▸ **Directions**
Copy all records exactly; omit pictures.

▸ **Material to process**
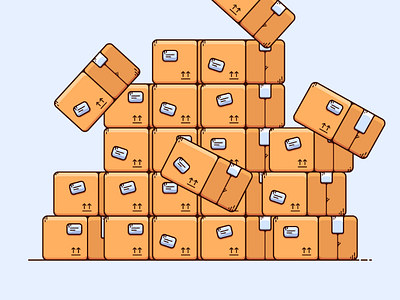 stack of boxes delivery flatdesign illustration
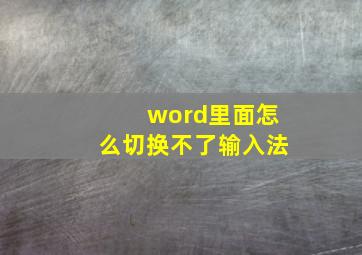 word里面怎么切换不了输入法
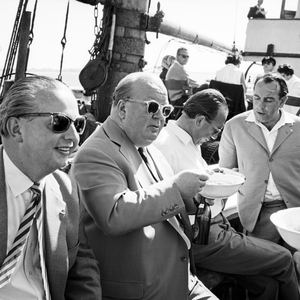 Voyagers and special guests on the Polydor ship "Heimweh", Deutschland 1950s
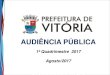AUDIÊNCIA PÚBLICA - vitoria.es.gov.br · consolidado detalhado da despesa paga por fonte 1º quadrimestre fonte 1º quadrimestre ... pactuaÇÃo/resultados 2017 . indicador meta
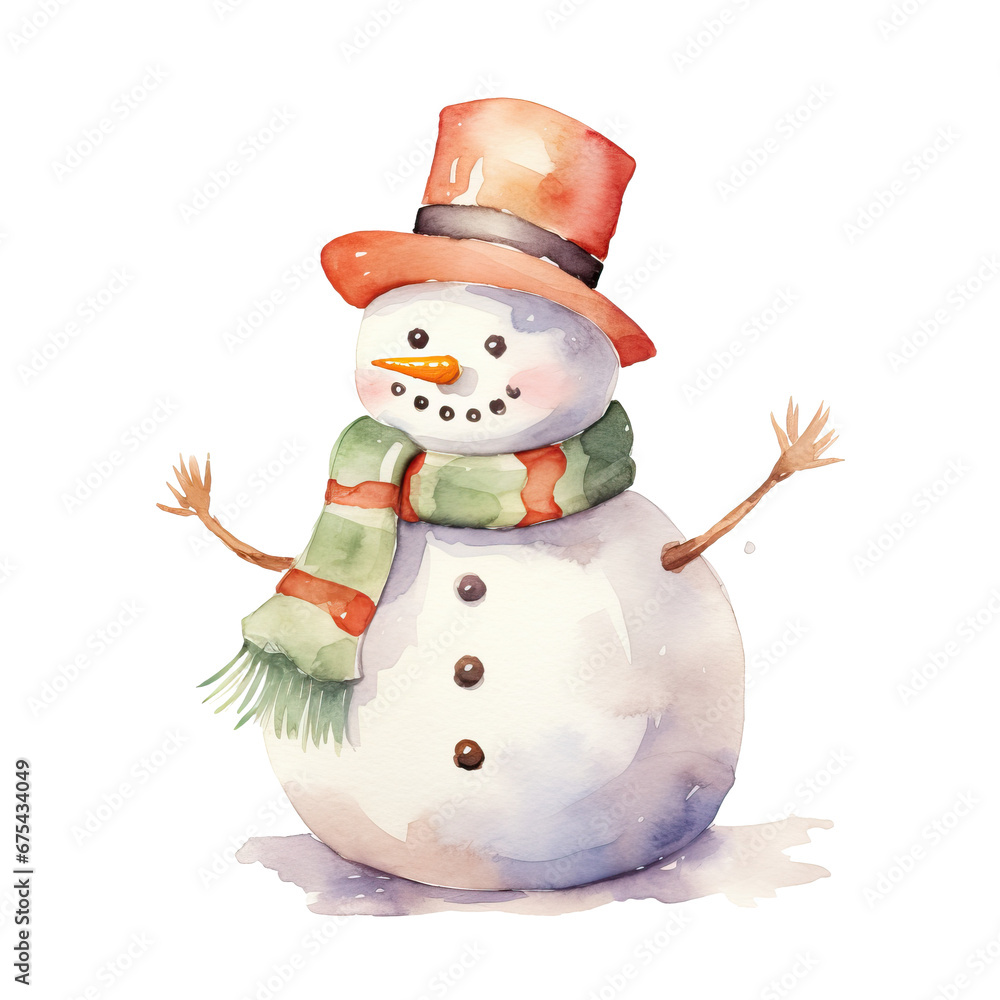 watercolor illustration, merry snowman symbol winter, children's illustration, new year celebration. AI generated illustration.
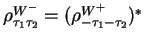 $ \rho^{W^{-}}_{\tau_{1}\tau_{2}} = (\rho^{W^{+}}_{-\tau_{1}-\tau_{2}})^{*}$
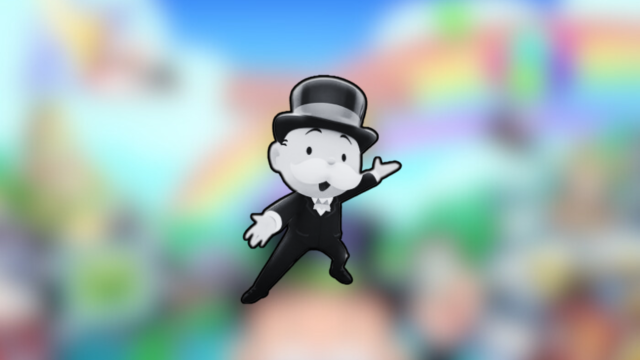 Monopoly's main character in black and white over a blurry colorful background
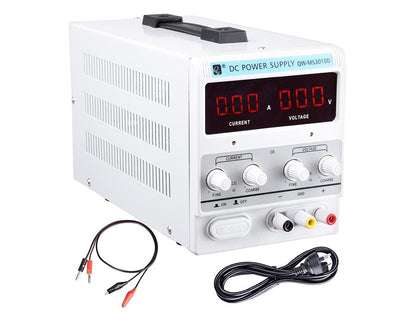 Back view showing power cord connection on DC power supply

▸ **Result of this exercise**
 stack of boxes delivery flatdesign illustration
 word里面怎么切换不了输入法
 Voyagers and special guests on the Polydor ship "Heimweh", Deutschland 1950s
AUDIÊNCIA PÚBLICA - vitoria.es.gov.br · consolidado detalhado da despesa paga por fonte 1º quadrimestre fonte 1º quadrimestre ... pactuaÇÃo/resultados 2017 . indicador meta
 watercolor illustration, merry snowman symbol winter, children's illustration, new year celebration. AI generated illustration.
 $ \rho^{W^{-}}_{\tau_{1}\tau_{2}} = (\rho^{W^{+}}_{-\tau_{1}-\tau_{2}})^{*}$
 Monopoly's main character in black and white over a blurry colorful background
 Back view showing power cord connection on DC power supply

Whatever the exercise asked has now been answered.